FELTMAN: You know, I've been in these policy meetings back when I served in the government, and I'm sure that there were lots of calculations to take - in trying to determine what were the appropriate targets to try to increase the tempo, degrade and disrupt the ability of Iranian proxies to attack. And you have to think about the fact that you don't want to put the hostages in Gaza at risk. You don't want to try to tip Iran into finally going nuclear, going all the way in terms of nuclear enrichment. And you don't want a war with Iran. Now, as John Kirby has said, this is not the end. This was a tiered approach. So we'll see more targets being hit. But it seems to me that the Biden administration has made a decision not to hit targets in Iran, just as the Trump administration made a decision not to target facilities in Iran in order to stop the escalation without provoking a regional war.

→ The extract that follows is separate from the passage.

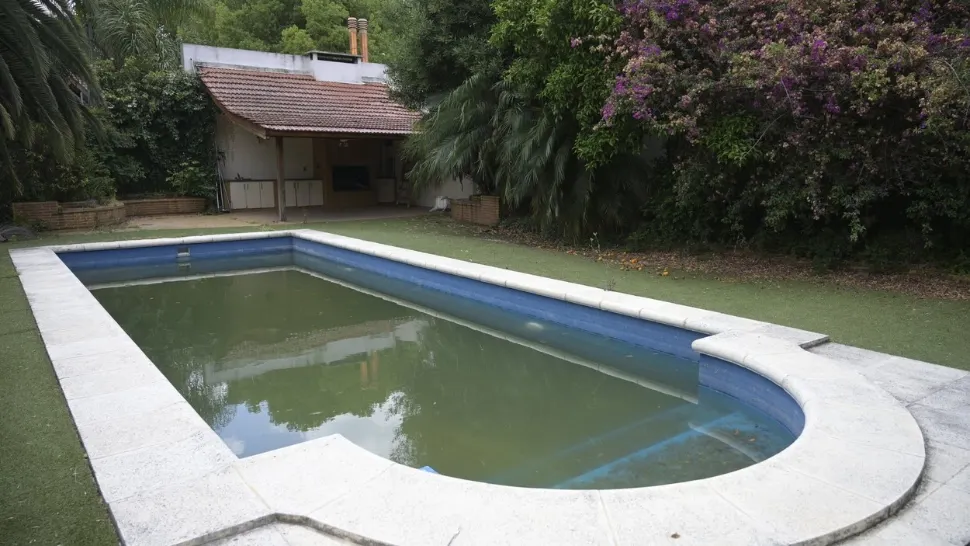 Avertisment pentru bolnavii de cancer. Ce riscă dacă fac baie în piscină sau in mare?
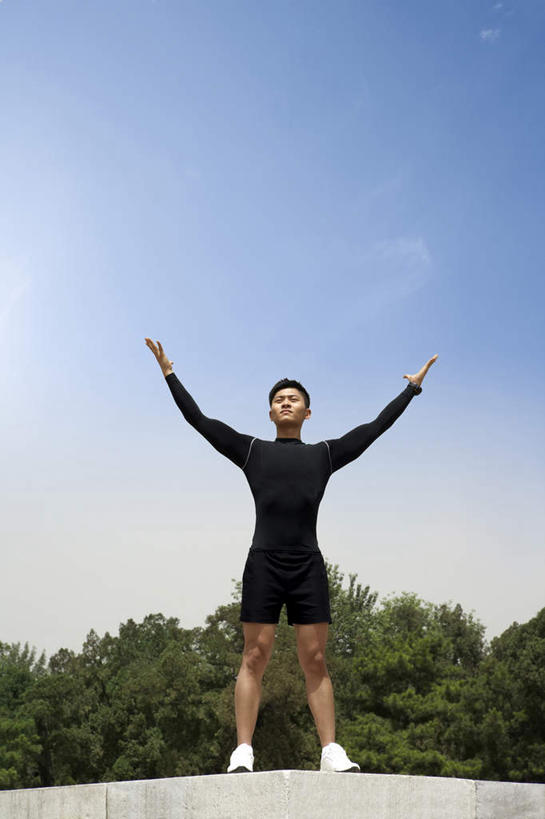 东方人,头发,一个人,公园,站,举,竖图,室外,白天,留白,正面,仰视,锻炼,运动,汽车,仅一个男性,仅一个人,混凝土,车,树,仅一个年轻男性,黑色,交通工具,轿车,托,摄影,环境,载具,雪铁龙,万里无云,男人,男性,年轻男性,中国人,年轻人,休闲活动,举起,举手,举着,向上举,向上伸,向上托,彩图,低角度拍摄,凯旋,东风雪铁龙凯旋,雪铁龙凯旋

SIMON: Ambassador Feltman, do you have any concerns about the fact you have so many nations that are involved in the Middle East at this point who say, look, we don't want a wider conflict, we don't want a wider war, and yet people keep lighting matches in a highly combustible area?

FELTMAN: Of course, there's real risk that any of this escalation could lead to regional war. I think we all have that concern. I think the Iranians would have watched quite carefully what happened yesterday, that they would have seen the type of military power that the United States can deploy from Texas, 6,000 miles away - hit 85 targets in 30 minutes from a deployment from Texas. So I think that the signal that the Biden administration sent to the Iran yesterday was watch out. You know, beware. I mean, the Iranians so far have been able to claim deniability. They've been able to say, we know. We don't really control these proxies. We don't really control the partners. We don't control Houthis, Hezbollah, the Iranian-backed militias in Syria and Iraq. And I think - but they have facilitated, they have supplied, they have trained, they have financed these groups. And I think the Biden administration sent a very clear signal yesterday, which apparently is just the first in this tier, that the Iranians need to think about the fact that when their proxies are escalating and widening the war in the Middle East, that Iran, in one way or the other, is going to have to pay a price.

SIMON: Would ending the war between Israel and Hamas lower the temperature in the region?

FELTMAN: Oh, incredibly. And I think - you know, when I look at the Biden administration's goals - you know, get the hostages released, support Israel's security, get humanitarian assistance, lifesaving humanitarian assistance to the Palestinians in sufficient quantities, prevent escalation, prevent a regional war - all of these things become far easier if you can come up with a cease-fire and hostage release for Gaza. And you see that Secretary Blinken is going to do a five-stop tour starting tomorrow in the Middle East. In this efforts, you've seen Amos Hochstein trying to work in Lebanon and Israel to lower the tensions there. You've seen Bill Burns in Paris with the negotiations on hostage release and cease-fire. Everything becomes easier if you're able to come up with a cease-fire and hostage release in Gaza because it removes the pretext for the Houthis, for Hezbollah, for the Iranian Shia militias, etc. It creates space for diplomacy to work on longer-term solutions.

SIMON: And how much latitude does President Biden have in trying to persuade Israel to do that?

FELTMAN: I think that President Biden has achieved great credibility with the Israeli public by showing the type of solidarity that he did in the aftermath of the October 7 atrocities. But there's - without question, there's differences between the administration and Netanyahu's government on the longer-term approach. So I think on the short term, we agree - hostage release, cease-fire, you know, reduce the chance for widening the war. But longer term, there's going to be some tough conversations, tough conversations.

SIMON: Of course, there - and there could be elections in Israel to change the government, couldn't there?

FELTMAN: Absolutely.

SIMON: Jeffrey Feltman, who is a former U.S. ambassador to Lebanon, who's now a visiting fellow at the Brookings Institution. Ambassador, thank you so much for being with us.